= David Stafford (writer) =

English writer, broadcaster and occasional musician

David Stafford (11 April 1949 – 22 October 2023) was an English writer, broadcaster and occasional musician.

==Biography==
Stafford was born in Birmingham where he attended King Edward VI Aston School. He began his career in fringe and community theatre in the 1970s. In the early 1980s, he collaborated and toured with Alexei Sayle, which resulted in two series for Capital Radio, two plays for TV, a book, Great Bus Journeys of the World, and various songs and recordings including Doctor Marten's Boots. At the same time he was a presenter on the Channel 4 consumer programme 4 What It’s Worth, contributed to many arts programmes and documentaries including The Media Show (Channel 4) and extensively to The Late Show (BBC2). His TV plays included Dread Poets Society (BBC2) co-written with the poet Benjamin Zephaniah. For ten years he also wrote a weekly column for the Saturday Guardian, eventually called "Staffordshire Bull".

During the 1990s, Stafford presented Tracks for BBC2, Going Places for BBC Radio 4 and was a regular panellist on Radio 4's literary parody game, Booked. He took over from Pete McCarthy as host of the Radio 4 panel game X Marks the Spot, and frequently stood in for John Peel as the presenter of Home Truths. After Peel's death, he became first one of the pool of presenters and later sole presenter of the programme.

Stafford collaborated with his wife Caroline, writing comedies and dramas, mostly for radio, including Man of Soup, The Brothers, Hazelbeach, The True and Inspirational Life Of St Nicholas (winner of the Prix Marulic),The Day The Planes Came, The Year They Invented Sex, Hancock's Ashes and a series of legal dramas based on the true-life cases of Norman Birkett.

The couple wrote six biographies, all published by Omnibus Press: Fings Ain't Wot They Used T'Be - The Life of Lionel Bart, (2011), which was chosen as BBC Radio 4's Book of The Week and shortlisted for the Sheridan Morley Award; Cupid Stunts - The Life and Radio Times of Kenny Everett (2014); Big Time - The Life of Adam Faith (2015); Maybe I'm Doing it Wrong - The Life and Music of Randy Newman (2016); Halfway to Paradise - The Life of Billy Fury (2018) and Anymore for Anymore - The Ronnie Lane Story (2023).

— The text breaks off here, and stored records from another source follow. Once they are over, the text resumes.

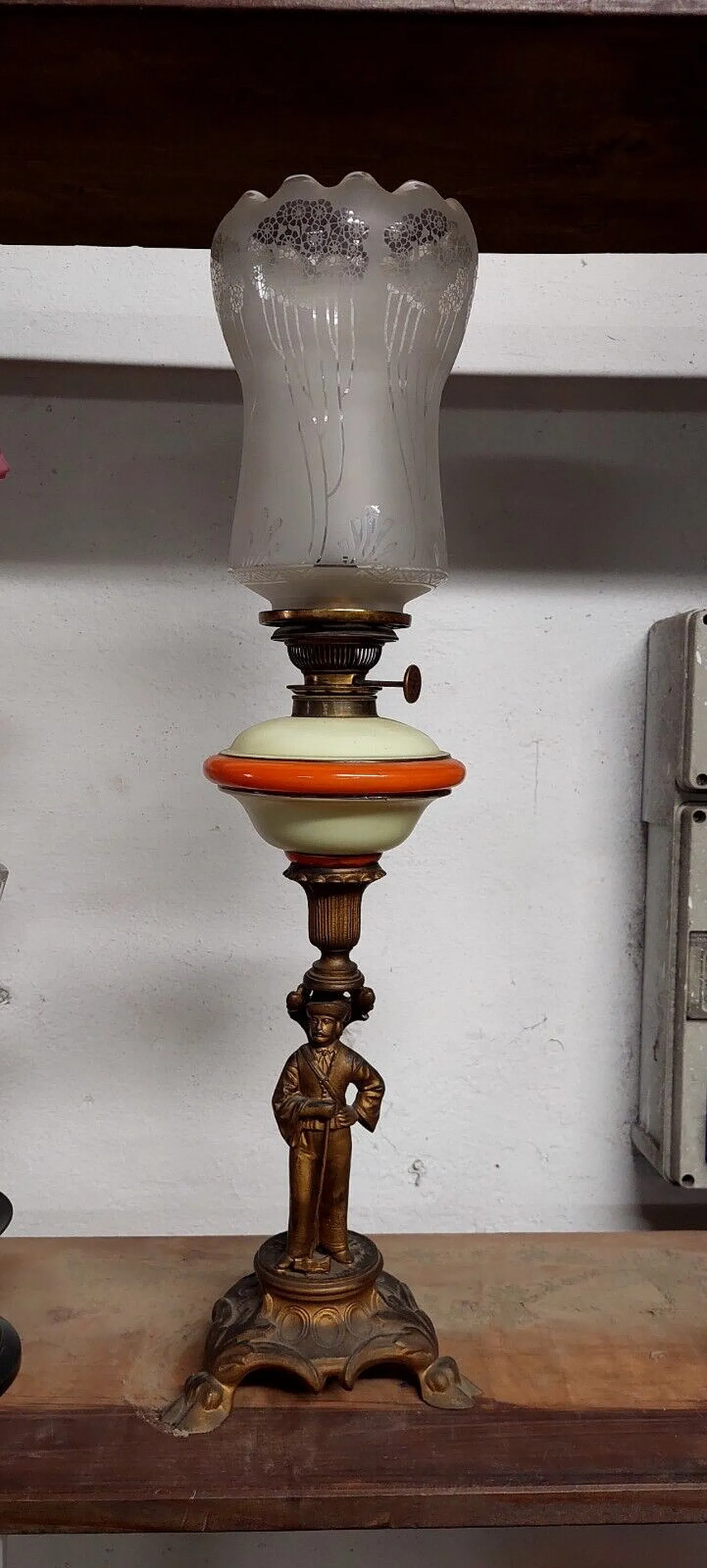 Oil lamp in metal, ceramic and glass, 19th century 2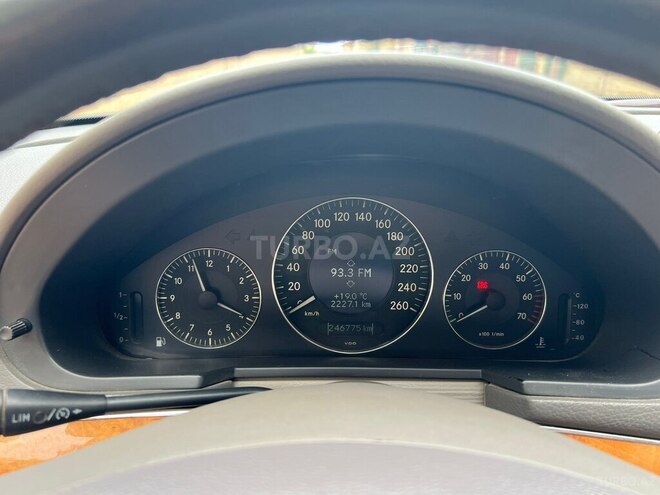Mercedes E 240 2002, 246,775 km - 2.6 л - Bakı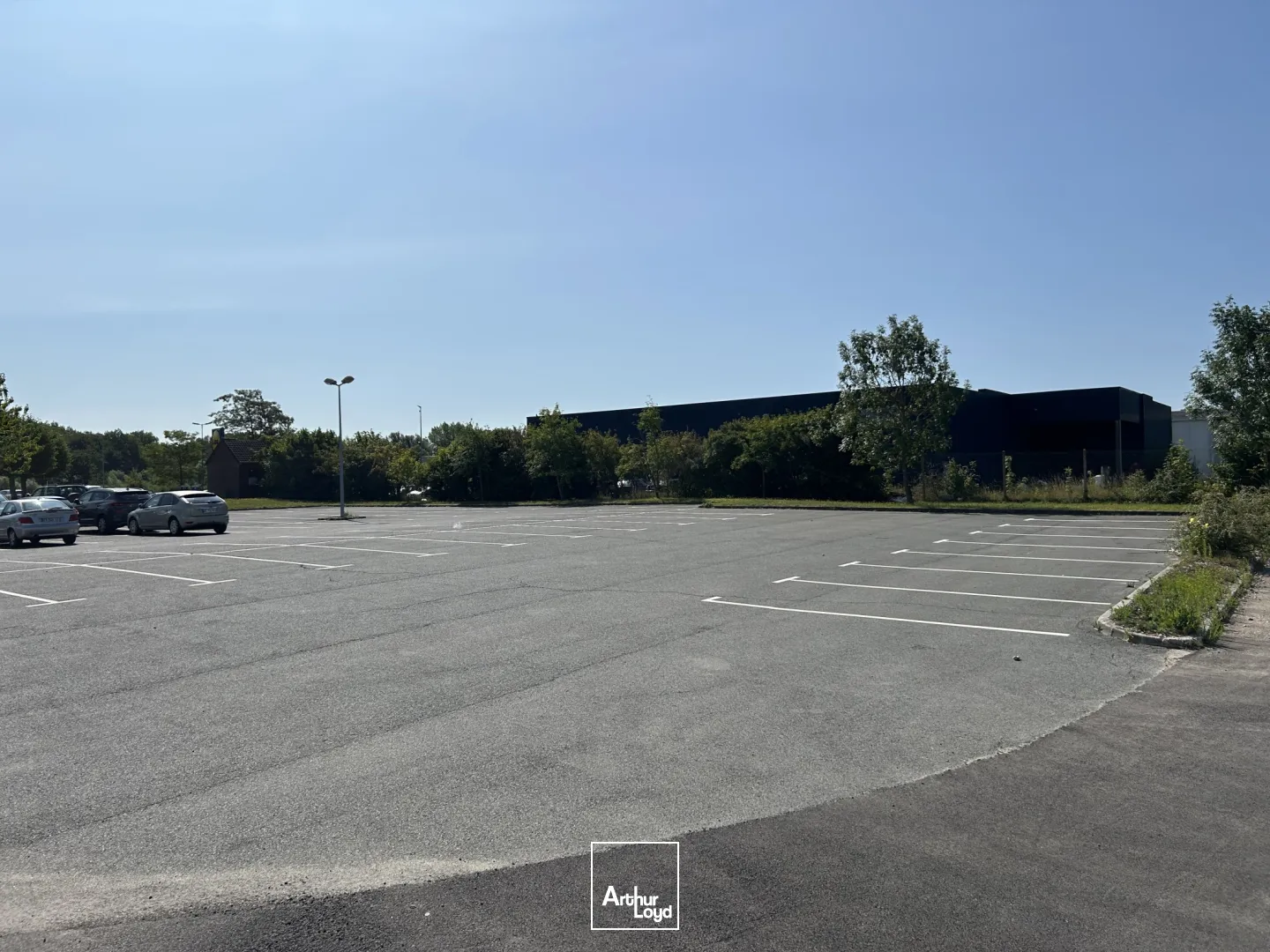 Locaux d'activités à la location à RUE Emplacement stratégique face à LIDL et ACTION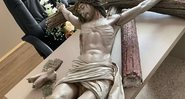 Estátua de Jesus Cristo crucificado quebrada na Paróquia Nossa Senhora das Graças - Divulgação/RepórterMT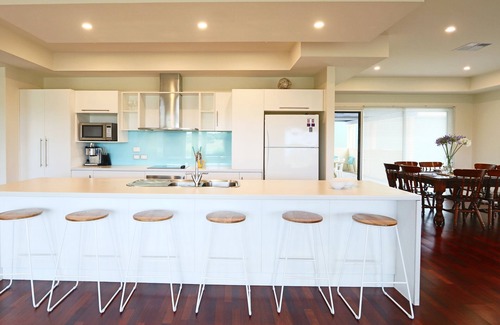 Waterhouse House | Starfish Blue - overlooking Robe Golf Course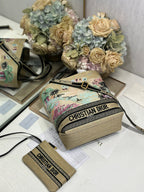 D-Book Tote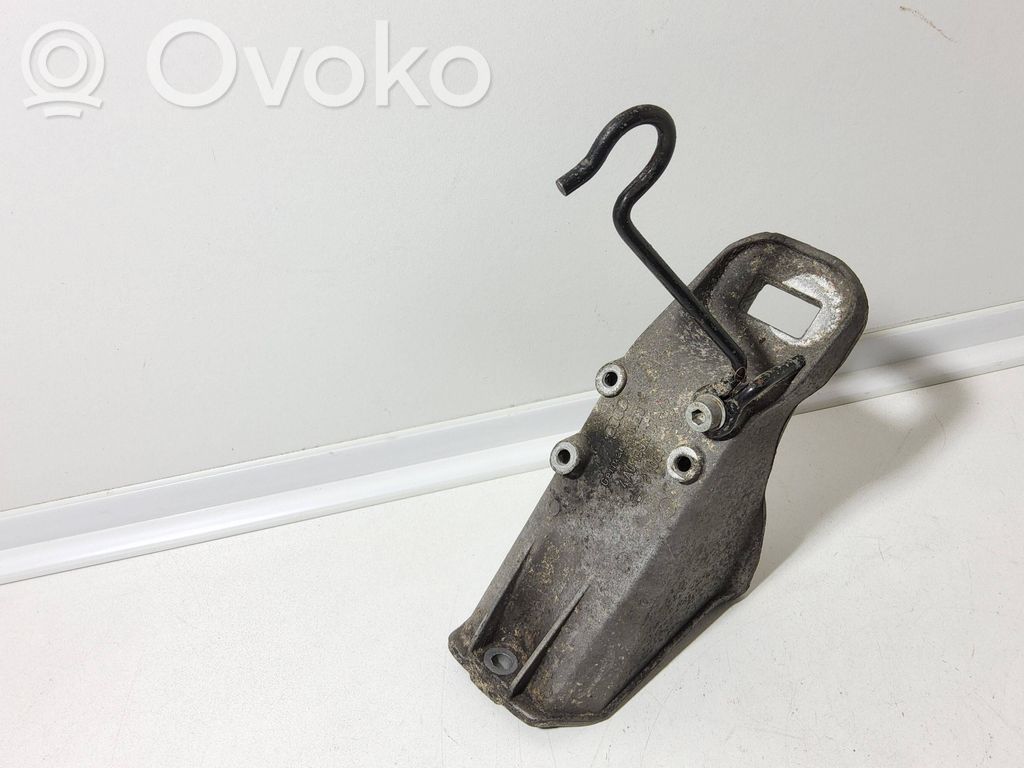 Audi 100 S4 C4 Engine mounting bracket 
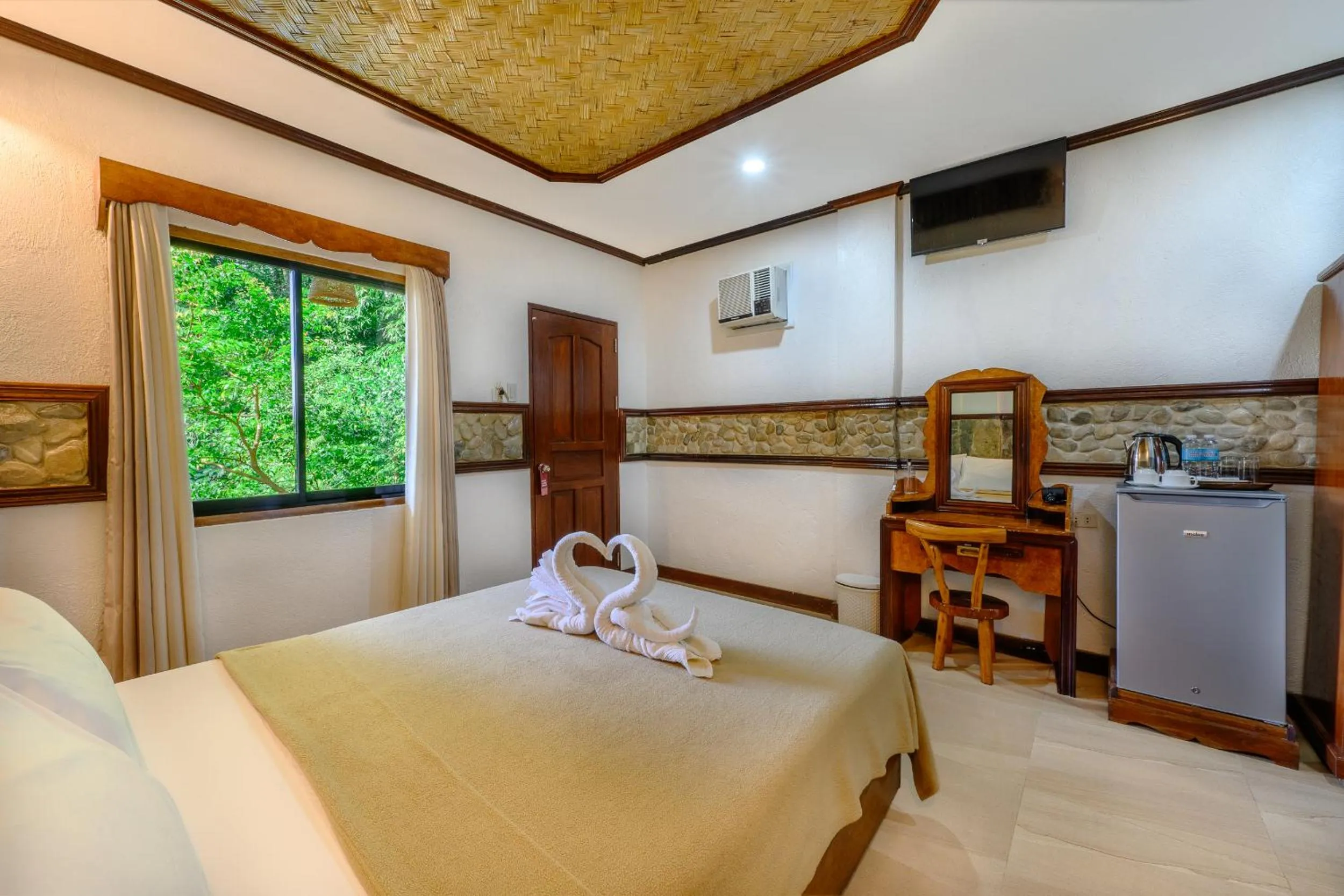 Bed in El Nido Viewdeck Cottages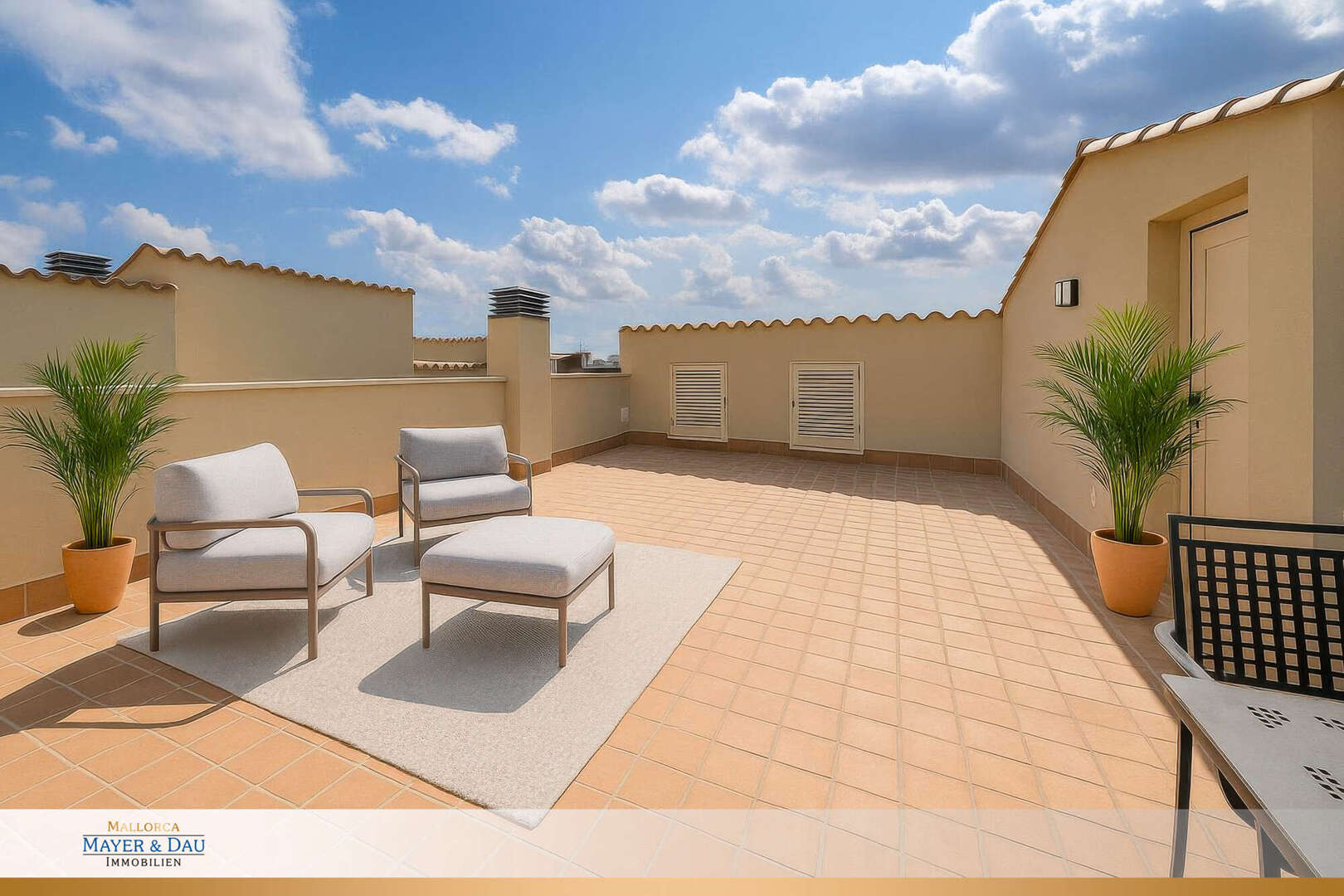 Palma Nähe: Stilvolles Neubau-Reihenhaus mit Pool, Dachterrasse & herrlichem Weitblick, Obj. 9447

In 2020, Stafford's first novel, Skelton's Guide To Domestic Poisons, was published by Allison and Busby. The sequel, Skelton's Guide to Suitcase Murders followed in April 2021.

Stafford lived in North London and died on 22 October 2023, at the age of 74. He was survived by his wife and writing partner, Caroline, and their three adult children.